[Brief descriptive captions]
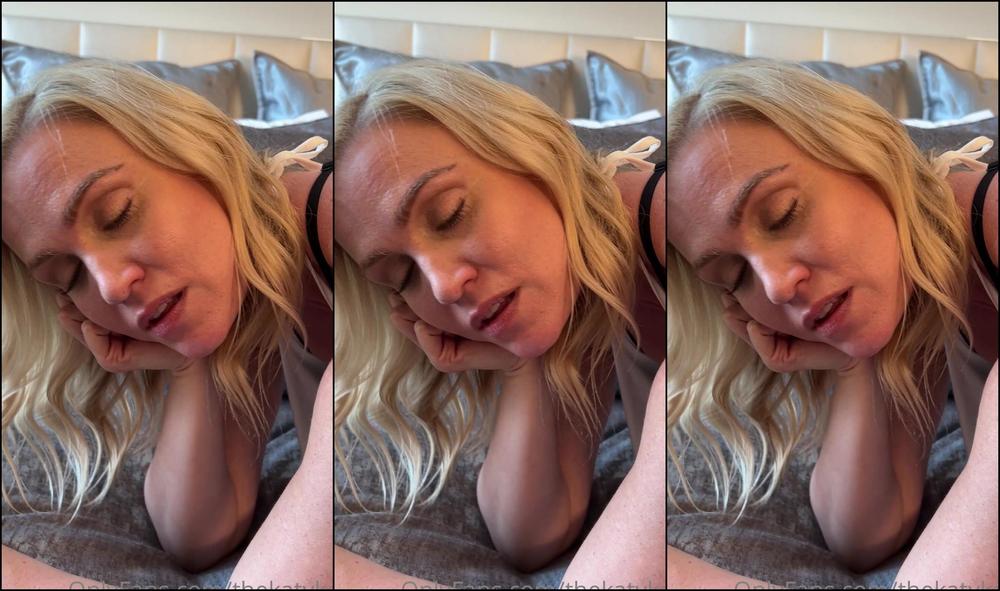 Thekatykat Spank Me With A Heart Thumper Toy Review And Demonstration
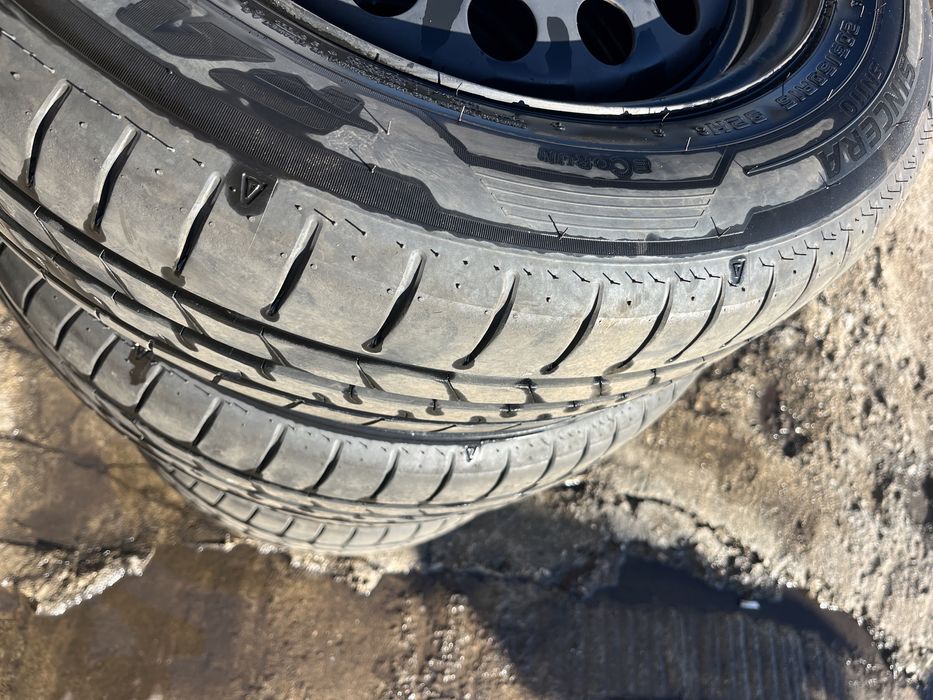 Гуми 205 60 16 Falken 2020г.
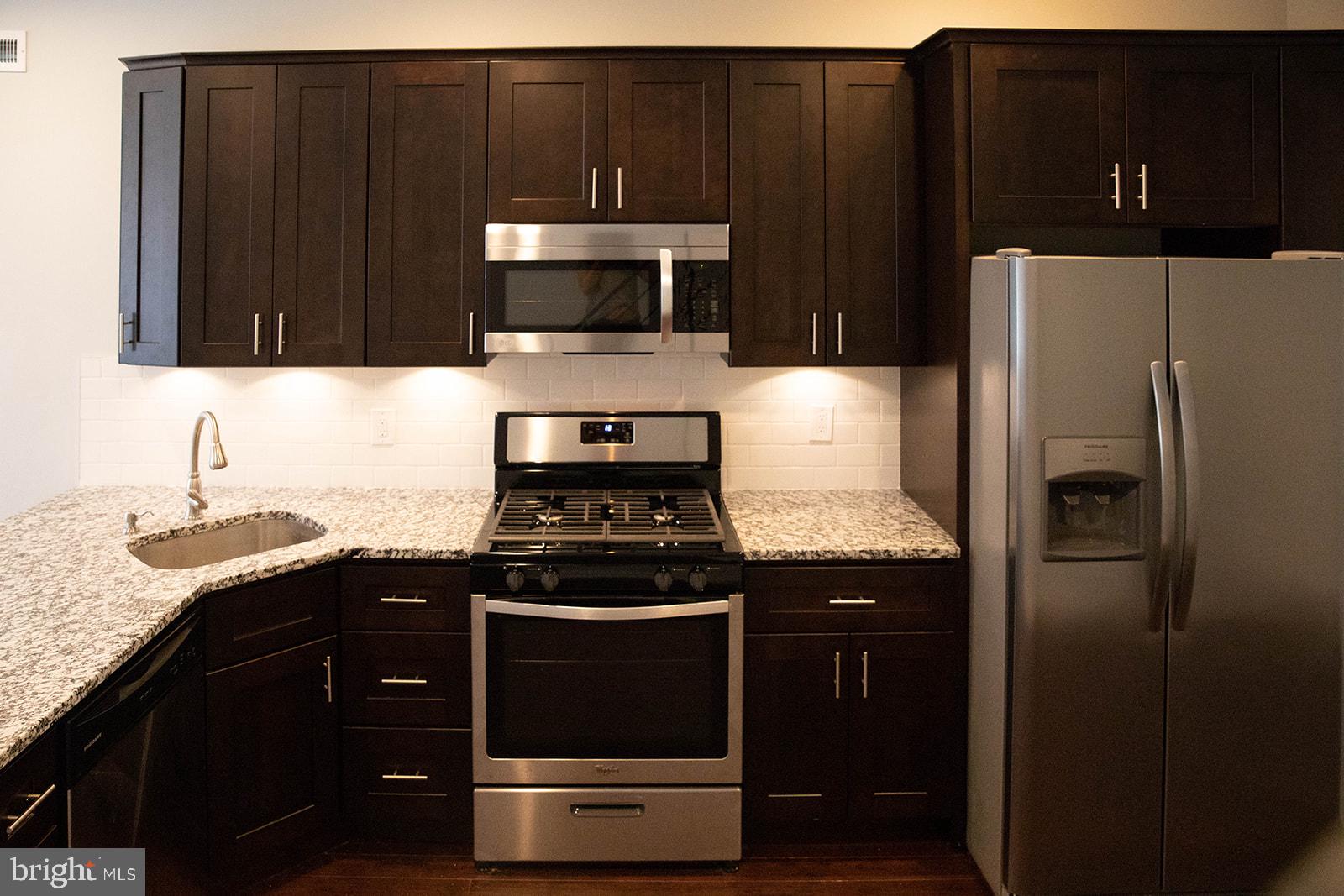 TEMPLE UNIVERSITY - Residential Lease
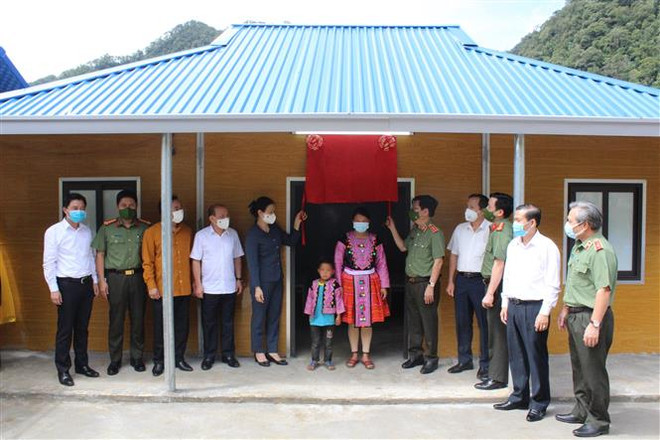 Lãnh đạo Bộ Công an, Ủy ban Trung ương Mặt trận Tổ quốc Việt Nam và Ủy ban Nhân dân tỉnh Hòa Bình trao tặng nhà tình nghĩa cho gia đình chị Khà Y Sáng ở xóm Hang Kia, xã Hang Kia, huyện Mai Châu (Hòa Bình). (Ảnh: Vũ Hà/TTXVN) Xóa bỏ điểm nóng Hang Kia-Pà Cò: Kết quả của ý Đảng hợp lòng dân ảnh 2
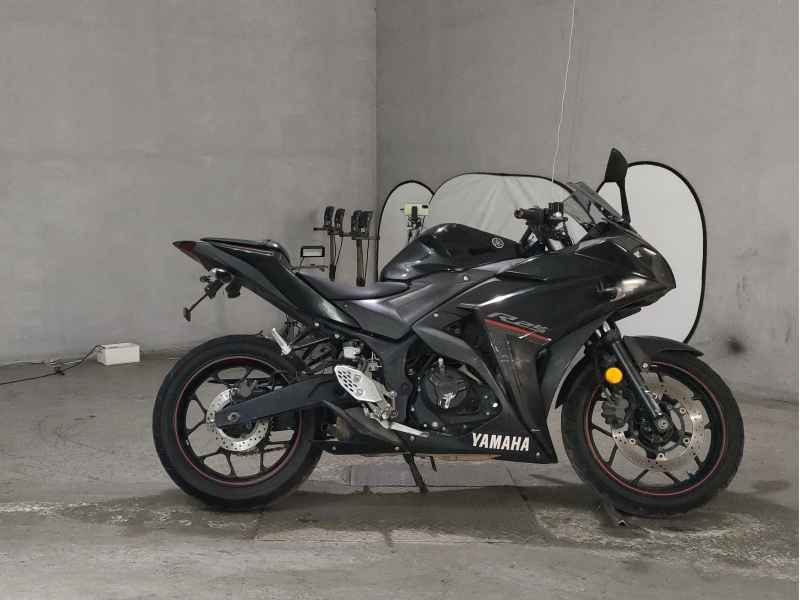 Yamaha YZF-R25 2018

YOUR TASK: Exactly the lines from the one holding "Lãnh đạo Bộ" to the last line of the records above should be duplicated, with no pictures among them.

ANSWER BELOW:
 Lãnh đạo Bộ Công an, Ủy ban Trung ương Mặt trận Tổ quốc Việt Nam và Ủy ban Nhân dân tỉnh Hòa Bình trao tặng nhà tình nghĩa cho gia đình chị Khà Y Sáng ở xóm Hang Kia, xã Hang Kia, huyện Mai Châu (Hòa Bình). (Ảnh: Vũ Hà/TTXVN) Xóa bỏ điểm nóng Hang Kia-Pà Cò: Kết quả của ý Đảng hợp lòng dân ảnh 2
 Yamaha YZF-R25 2018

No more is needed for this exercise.